[Caption-style text data]
[Start of Attachment]

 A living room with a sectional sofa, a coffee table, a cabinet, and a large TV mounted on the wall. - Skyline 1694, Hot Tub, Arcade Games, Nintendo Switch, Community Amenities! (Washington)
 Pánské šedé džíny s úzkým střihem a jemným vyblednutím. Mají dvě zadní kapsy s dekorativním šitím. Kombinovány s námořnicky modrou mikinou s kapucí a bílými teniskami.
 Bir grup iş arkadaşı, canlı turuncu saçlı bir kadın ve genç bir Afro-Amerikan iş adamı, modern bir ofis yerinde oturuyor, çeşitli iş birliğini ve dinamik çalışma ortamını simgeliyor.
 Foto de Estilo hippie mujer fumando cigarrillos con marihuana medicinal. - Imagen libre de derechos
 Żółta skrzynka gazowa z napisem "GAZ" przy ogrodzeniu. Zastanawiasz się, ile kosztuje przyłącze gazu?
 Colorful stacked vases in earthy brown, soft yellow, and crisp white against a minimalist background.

[End of Attachment]

ABOUT THIS EXERCISE: Look above for the line holding "Pánské šedé džíny". Print it and every line after it, exactly, through the line holding "Foto de Estilo".

PROBLEM SOLUTION:
 Pánské šedé džíny s úzkým střihem a jemným vyblednutím. Mají dvě zadní kapsy s dekorativním šitím. Kombinovány s námořnicky modrou mikinou s kapucí a bílými teniskami.
 Bir grup iş arkadaşı, canlı turuncu saçlı bir kadın ve genç bir Afro-Amerikan iş adamı, modern bir ofis yerinde oturuyor, çeşitli iş birliğini ve dinamik çalışma ortamını simgeliyor.
 Foto de Estilo hippie mujer fumando cigarrillos con marihuana medicinal. - Imagen libre de derechos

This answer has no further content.